Reliable Statistical Guarantees for Conformal Predictors with Small Datasets

TL;DR

This paper introduces a new statistical guarantee for conformal predictors that remains reliable with small datasets, improving uncertainty quantification in surrogate models for safety-critical applications.

Contribution

It proposes a probabilistic coverage guarantee for conformal predictors that is effective even with limited calibration data, bridging the gap in existing methods.

Findings

The new guarantee converges to standard CP with large datasets.

It provides meaningful coverage information for small calibration sets.

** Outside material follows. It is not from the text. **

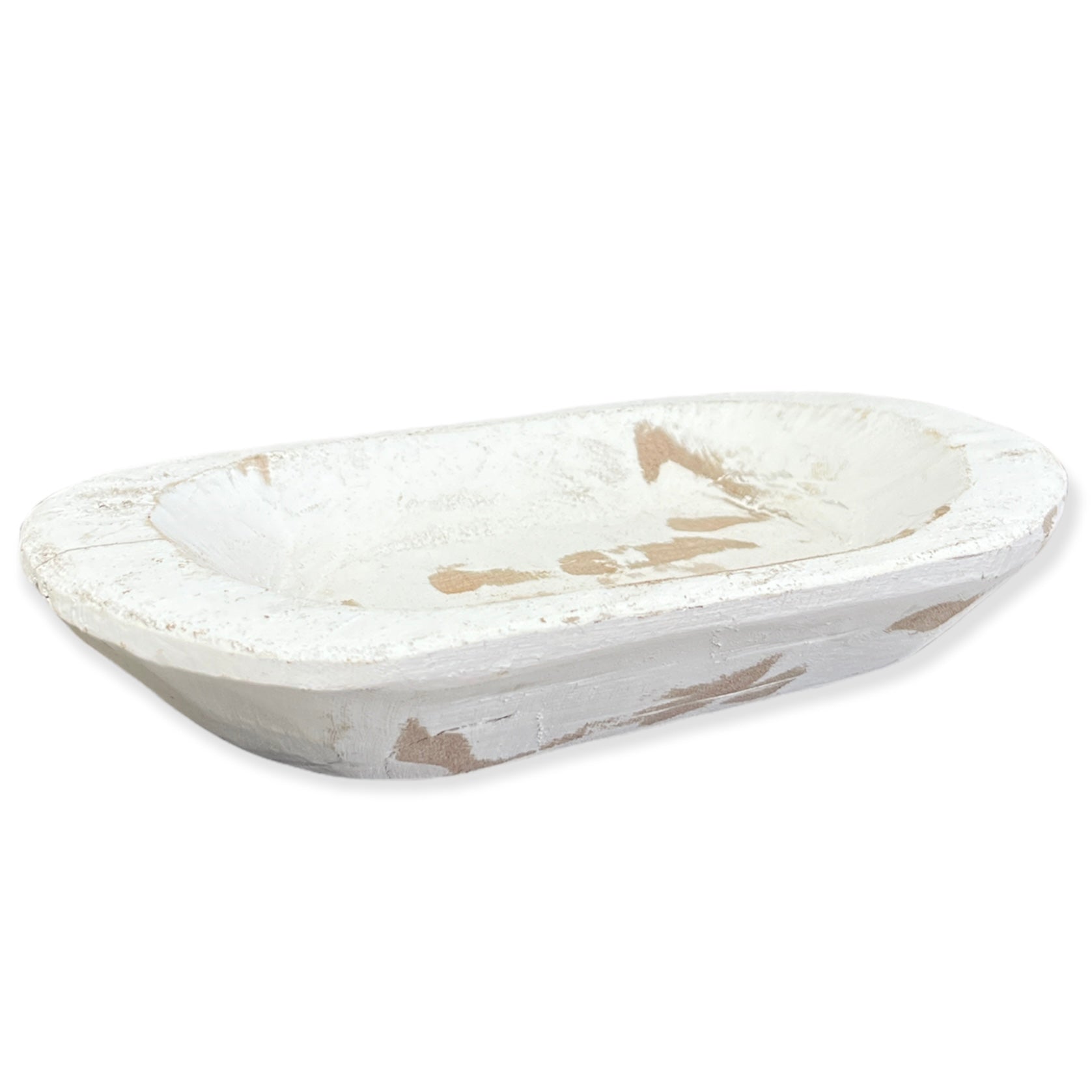 white wood dough bowl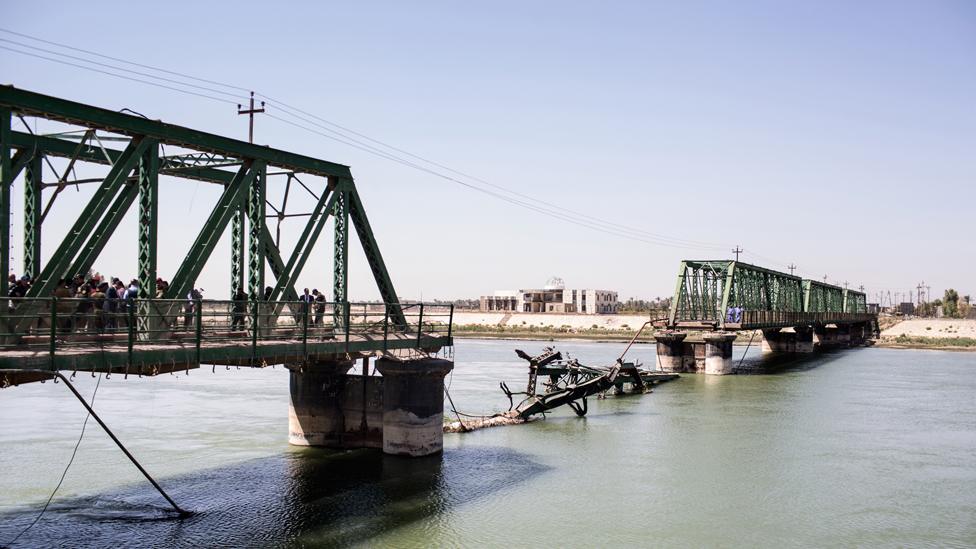 The broken English Bridge in Falluja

Validated through multiple examples and implemented in open-source software.

Abstract

Surrogate models (including deep neural networks and other machine learning algorithms in supervised learning) are capable of approximating arbitrarily complex, high-dimensional input-output problems in science and engineering, but require a thorough data-agnostic uncertainty quantification analysis before these can be deployed for any safety-critical application. The standard approach for data-agnostic uncertainty quantification is to use conformal prediction (CP), a well-established framework to build uncertainty models with proven statistical guarantees that do not assume any shape for the error distribution of the surrogate model. However, since the classic statistical guarantee offered by CP is given in terms of bounds for the marginal coverage, for small calibration set sizes (which are frequent in realistic surrogate modelling that aims to quantify error at different regions), the potentially strong dispersion of the coverage distribution around its average negatively impacts the relevance of the uncertainty model's statistical guarantee, often obtaining coverages below the expected value, resulting in a less applicable framework. After providing a gentle presentation of uncertainty quantification for surrogate models for machine learning practitioners, in this paper we bridge the gap by proposing a new statistical guarantee that offers probabilistic information for the coverage of a single conformal predictor. We show that the proposed framework converges to the standard solution offered by CP for large calibration set sizes and, unlike the classic guarantee, still offers relevant information about the coverage of a conformal predictor for small data sizes. We validate the methodology in a suite of examples, and implement an open access software solution that can be used alongside common conformal prediction libraries to obtain uncertainty models that fulfil the new guarantee.